Net Operating Income (NOI) Formula

Net Operating Income (NOI) is a crucial metric used in real estate investment to determine the profitability of income-generating properties.

It is calculated by subtracting the property’s operating expenses from its total income. NOI is a before-tax figure that excludes principal and interest payments on loans, capital expenditures, depreciation, and amortization. 

The NOI formula is the foundation for assessing the potential income from an investment property, making it an essential component of real estate investment analysis. Understanding the key components and considerations in the NOI calculation is vital for investors and industry professionals to make informed decisions and evaluate the performance of income-generating properties.

How to Calculate Net Operating Income?

Calculating Net Operating Income (NOI) involves understanding the revenue a property generates after removing all direct operating expenses. NOI is a crucial metric, serving as a standardized indicator of a property’s profitability, which is essential for analyzing investment opportunities.
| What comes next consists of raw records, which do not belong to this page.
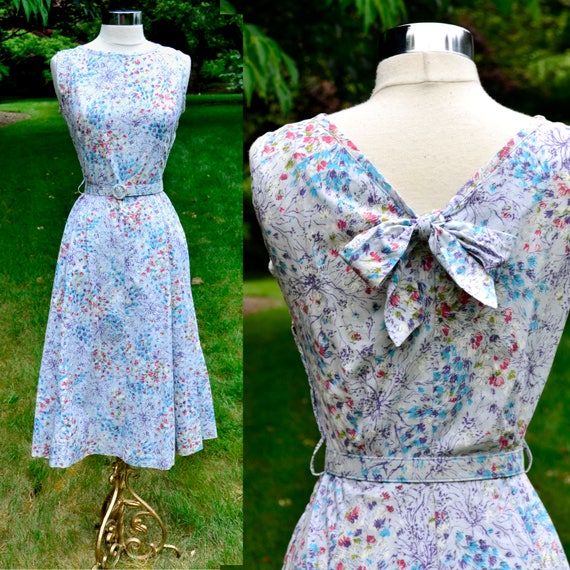 1940s Mode O Day Floral Cotton Dress / Light Blue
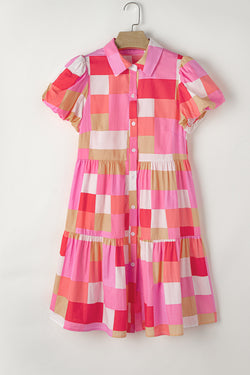 Pink Plaid Print Puff Sleeve Buttoned Ruffle Dress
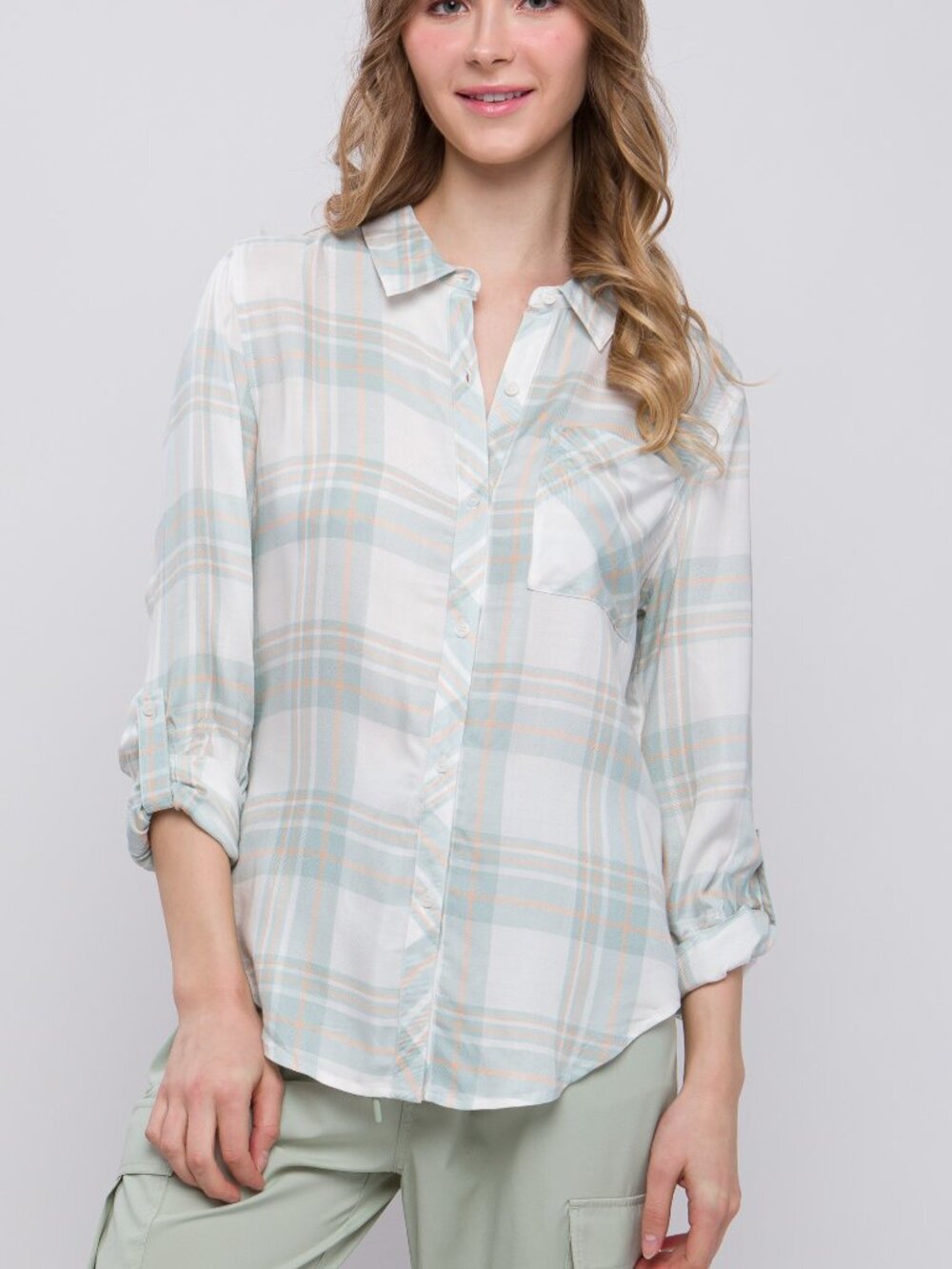 Lightweight Plaid Button-Up Top - Mint Green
NOI is particularly valuable because it reveals the historical profitability of a property investment, offering insights into its profit potential on a forward-looking basis. This makes NOI not just a practical measure for evaluating the current profitability of a property but also an effective tool for comparing different property investments. It provides a more ‘apples-to-apples’ comparison by excluding financing costs, debt services, and capital expenditures from its calculation.

For Example

Consider a condo building with the following financial profile:

Revenue Breakdown:

  • Rental Income: $20,000
  • Parking Fees: $5,000
  • Laundry Machines: $1,000

Total Revenue (TRR): $26,000

Operating Expenses Breakdown:

  • Property Management Fees: $1,000
  • Property Taxes: $5,000
  • Repair and Maintenance: $3,000
  • Insurance: $1,000

Total Operating Expenses (TOE): $10,000

Using this data, the Net Operating Income (NOI) for the condo building would be calculated as follows:


NOI = $26,000 – $10,000

NOI = $16,000

So in this example, the condo building generates a Net Operating Income of $16,000.
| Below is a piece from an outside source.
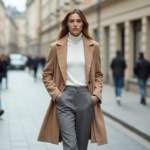 Jeune femme en manteau beige dans une rue urbaine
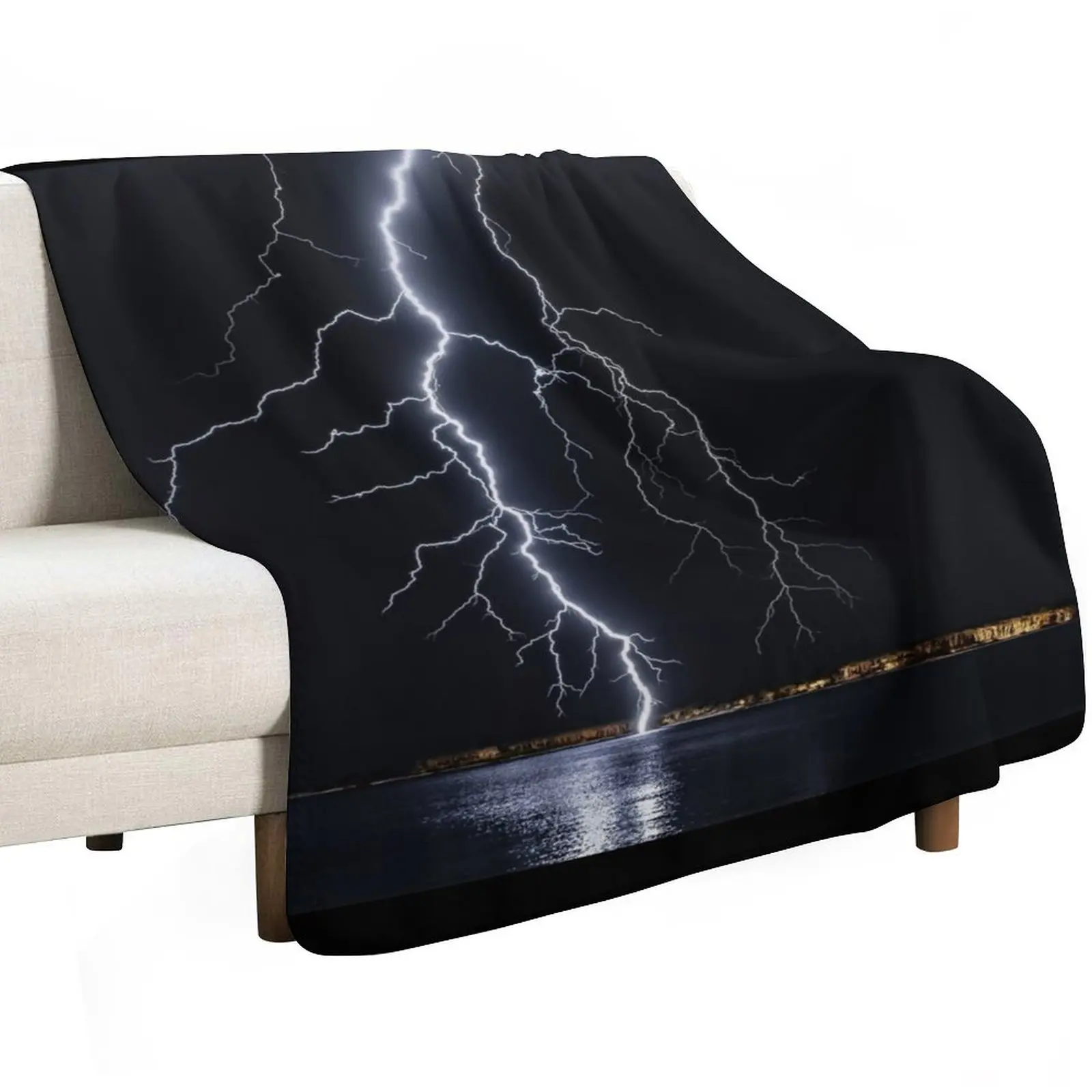 Lightning Bolt Struck Throw Blanket Extra Large Throw Shaggy Blankets For Sofas Cute Plaid sofa bed Nap Blankets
What is a Good NOI for a Rental Property?

Determining a “good” Net Operating Income (NOI) for a rental property can be subjective, as it depends on factors like property type, location, and the real estate market’s condition. Generally, a rental property is seen favorably if it has a positive NOI that surpasses similar properties, indicating profitability.
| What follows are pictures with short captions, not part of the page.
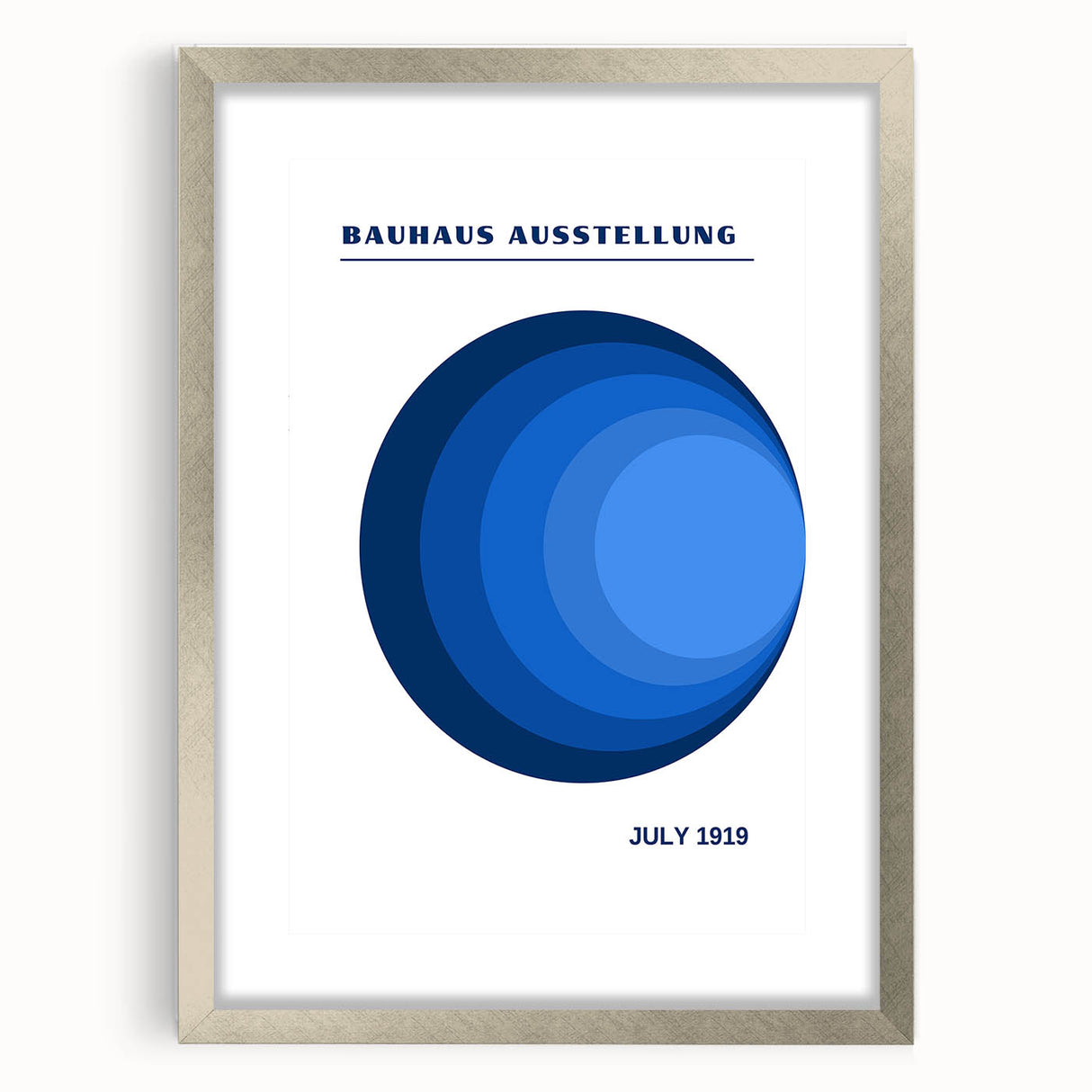 Bohemian Blue Circle Art | Eclectic Bauhaus Boho Decor Canvas Print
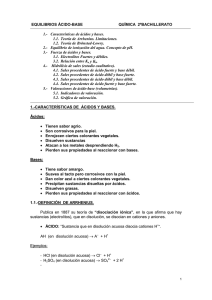 EQUILIBRIOS ÁCIDO-BASE QUÍMICA 2ºBACHILLERATO 1.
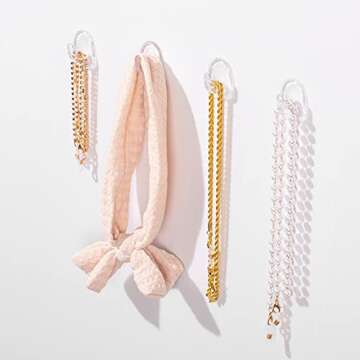 Jetec 60 Pieces Adhesive Hooks Wall Hooks Christmas Window Hanger Ring Hanger Adhesive Hanging Hooks with Non Marking Sticker for Kitchen Bathroom Bedroom Office, Transparent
In contrast, a negative NOI suggests that the property’s operational costs exceed its income, marking it as unprofitable. To assess a rental property’s value using NOI, investors typically compare it to the property’s market value or purchase price.

What is a Good NOI Margin?

To effectively compare different properties, Net Operating Income (NOI) is often standardized into a margin. The NOI margin is a measure of a property’s operating efficiency and is found by dividing NOI by the total property revenue and then multiplying the result by 100 to get a percentage.

This margin essentially shows what portion of every dollar earned in revenue is retained as net operating profits (NOI). A higher NOI margin indicates a larger portion of revenue is converted into NOI, reflecting operational efficiency. Conversely, a lower NOI margin suggests operational inefficiency.

However, to gain meaningful insights, it’s important to compare the NOI margin with similar properties in terms of type, class, and location, rather than analyzing it in isolation. This comparison provides a relative benchmark for a more comprehensive analysis.

The Bottom Line

Net Operating Income (NOI) is a key measure of a property’s profitability, calculated by deducting operating expenses from total revenue. The greater the revenue and lower the expenses, the more profitable the property. NOI essentially indicates whether the income from a property justifies the costs of owning and maintaining it.